Many thanks for the swift response!

Please see the wandb output for val_acc1 on ImageNet-100, for all the 5 checkpoints

As is evident, the last model (task4, the highest) reaches to 62% accuracy at the very end of the linear-probing.

Please see below my offline linear probing parameters, equivalent to yours:


python main_linear.py \
    --dataset imagenet100 \
    --encoder resnet18 \
    --data_dir $DATA_DIR \
    --train_dir imagenet-100/train \
    --val_dir imagenet-100/val \
    --split_strategy class \
    --num_tasks 5 \
    --max_epochs 100 \
    --gpus 0 \
    --precision 16 \
    --optimizer sgd \
    --scheduler step \
    --lr 3.0 \
    --lr_decay_steps 60 80 \
    --weight_decay 0 \
    --batch_size 256 \
    --num_workers 8 \
    --dali \
    --name byol-imagenet100-5T-linear-eval \
    --pretrained_feature_extractor $PRETRAINED_PATH \
    --project benchmark \
    --entity swordrock \
    --wandb \
    --save_checkpoint

Is the accuracy in the paper just the accuracy of the final model (which I found as 62%)?

It would be great if you can share the checkpoint indeed.
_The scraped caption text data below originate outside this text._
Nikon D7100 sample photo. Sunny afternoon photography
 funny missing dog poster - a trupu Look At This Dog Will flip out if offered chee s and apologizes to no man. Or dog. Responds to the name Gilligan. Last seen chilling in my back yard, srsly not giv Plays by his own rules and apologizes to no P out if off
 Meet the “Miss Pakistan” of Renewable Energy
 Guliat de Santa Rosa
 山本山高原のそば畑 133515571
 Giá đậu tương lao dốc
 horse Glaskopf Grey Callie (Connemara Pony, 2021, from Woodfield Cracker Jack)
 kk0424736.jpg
Then I can debug my evaluation code.

It would be great if you can share the evaluation script as well. It does not have to be clean, just to give the clearest idea possible.

Thank you.

DonkeyShot21 · 2023-02-08T10:48:58Z

Yes, it is the accuracy of the final model as reported in the paper. Intermediate checkpoints are only used for forgetting. Please see this screenshot from the paper below:

In this case, since the number of samples per task is roughly constant, the average is the same as the simple linear eval accuracy.

I will look for the checkpoint and post it here asap.

I have some questions:

Did you run hyperparam tuning for the offline linear evaluation? This is very important, different checkpoints might exhibit different feature scale, you need to retune everything if you change the checkpoint. For instance, here your curves don't look right, I think your lr is too low. This is especially true for BYOL, cause it tends to be unstable with fewer data so it might end up in a very different configuration each time you retrain it.
Did you notice instability during pre-training? How much did you get with online eval?
Do you have the exact package versions that we suggest in the readme?

kilickaya · 2023-02-08T10:58:10Z

Thanks for your response.

Hyper-param tuning: I have not performed any hyper-param tuning for linear-probing. I directly used yours for fair comparison. But since you say it, I will try. Thank you.
Instability: BYOL training is stable and smooth in my case, please see below. My question was more general, as I ran all the other models too, not only BYOL. My online evaluation accuracy was around 60% as well.
Environment: Yes, I use the exact same configuration.

Will have a look at tuning parameters further. Thank you.

DonkeyShot21 · 2023-02-08T10:59:16Z

I found some checkpoints that might be relevant: https://drive.google.com/drive/folders/1gOejzl4Q0cqAcmEjUhyStYPDbXPn1o9R?usp=share_link
You can find the pre-train args there as well.

I am not 100% sure that this is the correct checkpoint, so use it at your own risk.

EDIT: this checkpoint was probably obtained with a different version of the code, you might have issues resuming it

DonkeyShot21 · 2023-02-08T11:06:14Z

Yes, your curves look similar to mine. I think it is likely to be due to hyperparam tuning of the offline linear eval. Also, always remember that there might be some randomness involved, so a small decrease in performance might be due to that.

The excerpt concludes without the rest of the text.